La batalla contra los inspectores
Invierno-primavera de 2003
En enero de 2003 se concentraban los soldados estadounidenses en las fronteras de Iraq, y el Consejo de Seguridad de las Naciones Unidas había aprobado por unanimidad la resolución 1441, que le otorgaba a Saddam una “última oportunidad” de desarmarse en condiciones de verificación. El regreso de los inspectores de las Naciones Unidas a Iraq, después de cuatro años, había hecho esperar, tanto en Estados Unidos como fuera, una posible solución pacífica del conflicto. El 20 de enero, el ministro francés de Asuntos Exteriores, Dominique de Villepin, atacó por sorpresa los planes bélicos del gobierno de Estados Unidos al declarar: “Nada justifica hoy en día considerar una acción militar.” Esta posición no era exclusiva de los franceses. A mediados de enero, la Gallup reveló que el apoyo de Estados Unidos a la guerra inminente había descendido a 52 por ciento a favor y 43 por ciento en contra. De igual importancia, casi todos los países que habían apoyado la resolución 1441 urgían que Estados Unidos no se precipitaran a la guerra, y Alemania, opuesta a la acción militar, presidiría el Consejo de Seguridad a partir de febrero, en la víspera de la invasión prevista.

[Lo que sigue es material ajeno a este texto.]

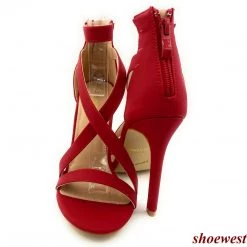 Glaze Charlie-165 Heels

     En su discurso nacional del 28 de enero de 2003, Bush presentó una nueva prueba para demostrar que Iraq estaba armándose nuclearmente. “El gobierno británico se ha enterado de que Saddam Hussein recientemente trató de obtener cantidades considerables de uranio en África… Saddam Hussein no ha dado una explicación fiable de estas actividades. Es evidente que tiene mucho que ocultar.”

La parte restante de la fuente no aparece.